:: Action item ::
Go through the entries, filter for the word "einem", and copy every line that has it.

··· Supplied records ···

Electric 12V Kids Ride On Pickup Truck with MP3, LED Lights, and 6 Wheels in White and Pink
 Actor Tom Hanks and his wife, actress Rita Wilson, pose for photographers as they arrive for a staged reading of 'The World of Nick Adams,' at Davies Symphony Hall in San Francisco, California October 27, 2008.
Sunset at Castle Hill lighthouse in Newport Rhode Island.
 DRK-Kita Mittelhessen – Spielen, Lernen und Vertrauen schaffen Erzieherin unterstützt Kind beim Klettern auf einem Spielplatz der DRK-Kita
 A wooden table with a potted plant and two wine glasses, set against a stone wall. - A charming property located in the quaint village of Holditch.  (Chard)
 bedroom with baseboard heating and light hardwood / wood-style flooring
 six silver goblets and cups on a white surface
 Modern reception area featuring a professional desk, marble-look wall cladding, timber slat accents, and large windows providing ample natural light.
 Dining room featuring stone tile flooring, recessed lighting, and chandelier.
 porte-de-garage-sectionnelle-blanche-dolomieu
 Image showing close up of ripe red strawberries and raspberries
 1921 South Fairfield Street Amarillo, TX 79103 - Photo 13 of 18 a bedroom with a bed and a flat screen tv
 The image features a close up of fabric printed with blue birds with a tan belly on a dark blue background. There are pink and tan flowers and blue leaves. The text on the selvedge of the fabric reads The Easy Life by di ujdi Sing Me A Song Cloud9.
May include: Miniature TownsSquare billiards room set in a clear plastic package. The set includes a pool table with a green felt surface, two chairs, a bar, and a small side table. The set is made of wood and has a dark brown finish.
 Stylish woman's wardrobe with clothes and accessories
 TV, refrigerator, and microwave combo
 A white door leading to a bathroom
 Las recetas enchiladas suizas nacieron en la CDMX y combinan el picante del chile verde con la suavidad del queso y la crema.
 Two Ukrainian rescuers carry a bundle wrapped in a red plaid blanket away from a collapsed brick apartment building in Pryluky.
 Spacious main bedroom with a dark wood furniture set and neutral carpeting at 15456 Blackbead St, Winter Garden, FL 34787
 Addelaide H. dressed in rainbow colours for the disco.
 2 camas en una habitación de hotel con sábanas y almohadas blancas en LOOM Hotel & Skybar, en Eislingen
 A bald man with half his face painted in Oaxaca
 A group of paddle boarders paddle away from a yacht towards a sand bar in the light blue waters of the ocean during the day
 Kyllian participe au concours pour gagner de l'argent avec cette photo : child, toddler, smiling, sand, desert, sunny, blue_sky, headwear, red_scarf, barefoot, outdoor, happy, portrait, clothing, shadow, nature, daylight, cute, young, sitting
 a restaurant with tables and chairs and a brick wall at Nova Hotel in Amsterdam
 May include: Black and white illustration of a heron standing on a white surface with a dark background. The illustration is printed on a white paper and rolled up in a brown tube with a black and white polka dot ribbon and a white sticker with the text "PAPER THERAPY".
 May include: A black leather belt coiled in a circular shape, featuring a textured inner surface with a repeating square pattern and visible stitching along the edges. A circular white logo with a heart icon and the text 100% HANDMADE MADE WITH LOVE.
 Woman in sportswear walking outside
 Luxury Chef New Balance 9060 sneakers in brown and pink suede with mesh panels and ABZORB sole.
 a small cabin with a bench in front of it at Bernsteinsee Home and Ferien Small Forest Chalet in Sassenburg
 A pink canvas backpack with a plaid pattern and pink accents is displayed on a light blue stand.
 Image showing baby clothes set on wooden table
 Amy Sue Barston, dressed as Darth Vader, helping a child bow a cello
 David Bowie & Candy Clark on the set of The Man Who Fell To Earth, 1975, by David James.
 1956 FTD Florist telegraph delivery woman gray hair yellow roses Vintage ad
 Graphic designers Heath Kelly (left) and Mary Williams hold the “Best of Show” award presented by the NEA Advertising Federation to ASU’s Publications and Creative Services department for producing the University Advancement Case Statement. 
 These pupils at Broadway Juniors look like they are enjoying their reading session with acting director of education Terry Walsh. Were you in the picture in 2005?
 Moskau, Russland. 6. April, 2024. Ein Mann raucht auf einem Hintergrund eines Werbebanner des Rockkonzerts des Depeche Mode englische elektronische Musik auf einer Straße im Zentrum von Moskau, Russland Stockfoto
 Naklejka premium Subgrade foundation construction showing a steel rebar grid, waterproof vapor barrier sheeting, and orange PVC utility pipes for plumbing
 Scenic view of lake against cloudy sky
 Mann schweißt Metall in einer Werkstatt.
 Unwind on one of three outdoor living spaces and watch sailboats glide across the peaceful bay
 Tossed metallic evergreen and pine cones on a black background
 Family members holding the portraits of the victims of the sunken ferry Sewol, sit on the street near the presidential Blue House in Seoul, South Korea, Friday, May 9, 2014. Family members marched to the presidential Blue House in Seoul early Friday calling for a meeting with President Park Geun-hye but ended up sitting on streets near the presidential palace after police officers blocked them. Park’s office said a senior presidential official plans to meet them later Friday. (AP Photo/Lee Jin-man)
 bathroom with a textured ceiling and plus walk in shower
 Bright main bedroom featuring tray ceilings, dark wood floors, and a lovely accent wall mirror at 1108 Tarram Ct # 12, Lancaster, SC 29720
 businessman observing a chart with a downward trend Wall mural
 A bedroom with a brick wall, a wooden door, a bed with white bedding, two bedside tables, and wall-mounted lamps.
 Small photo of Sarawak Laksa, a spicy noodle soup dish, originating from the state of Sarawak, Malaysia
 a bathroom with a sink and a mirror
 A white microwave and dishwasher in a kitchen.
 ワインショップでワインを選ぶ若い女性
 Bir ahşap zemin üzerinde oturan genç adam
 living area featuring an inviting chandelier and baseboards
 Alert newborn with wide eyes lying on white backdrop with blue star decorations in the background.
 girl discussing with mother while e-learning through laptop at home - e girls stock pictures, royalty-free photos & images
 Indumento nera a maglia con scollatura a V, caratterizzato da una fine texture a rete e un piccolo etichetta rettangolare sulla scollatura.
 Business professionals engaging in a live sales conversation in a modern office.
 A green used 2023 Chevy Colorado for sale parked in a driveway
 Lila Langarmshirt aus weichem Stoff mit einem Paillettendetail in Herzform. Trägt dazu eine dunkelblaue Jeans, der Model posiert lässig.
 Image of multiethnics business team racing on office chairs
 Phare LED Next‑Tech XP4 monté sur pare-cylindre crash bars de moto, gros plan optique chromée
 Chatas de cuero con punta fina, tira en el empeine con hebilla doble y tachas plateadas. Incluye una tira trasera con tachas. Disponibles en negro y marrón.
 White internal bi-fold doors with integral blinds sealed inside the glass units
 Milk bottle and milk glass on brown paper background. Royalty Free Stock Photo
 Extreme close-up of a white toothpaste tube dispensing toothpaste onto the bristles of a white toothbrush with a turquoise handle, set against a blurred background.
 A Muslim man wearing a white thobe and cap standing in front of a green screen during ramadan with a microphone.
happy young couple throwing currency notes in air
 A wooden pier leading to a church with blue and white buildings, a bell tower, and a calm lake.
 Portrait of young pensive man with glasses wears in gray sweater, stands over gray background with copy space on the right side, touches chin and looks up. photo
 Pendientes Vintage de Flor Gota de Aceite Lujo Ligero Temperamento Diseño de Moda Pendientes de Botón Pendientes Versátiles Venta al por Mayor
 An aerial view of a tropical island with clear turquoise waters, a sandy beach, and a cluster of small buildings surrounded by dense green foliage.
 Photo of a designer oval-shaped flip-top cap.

···

:: Reply ::
 DRK-Kita Mittelhessen – Spielen, Lernen und Vertrauen schaffen Erzieherin unterstützt Kind beim Klettern auf einem Spielplatz der DRK-Kita
 Moskau, Russland. 6. April, 2024. Ein Mann raucht auf einem Hintergrund eines Werbebanner des Rockkonzerts des Depeche Mode englische elektronische Musik auf einer Straße im Zentrum von Moskau, Russland Stockfoto
 Lila Langarmshirt aus weichem Stoff mit einem Paillettendetail in Herzform. Trägt dazu eine dunkelblaue Jeans, der Model posiert lässig.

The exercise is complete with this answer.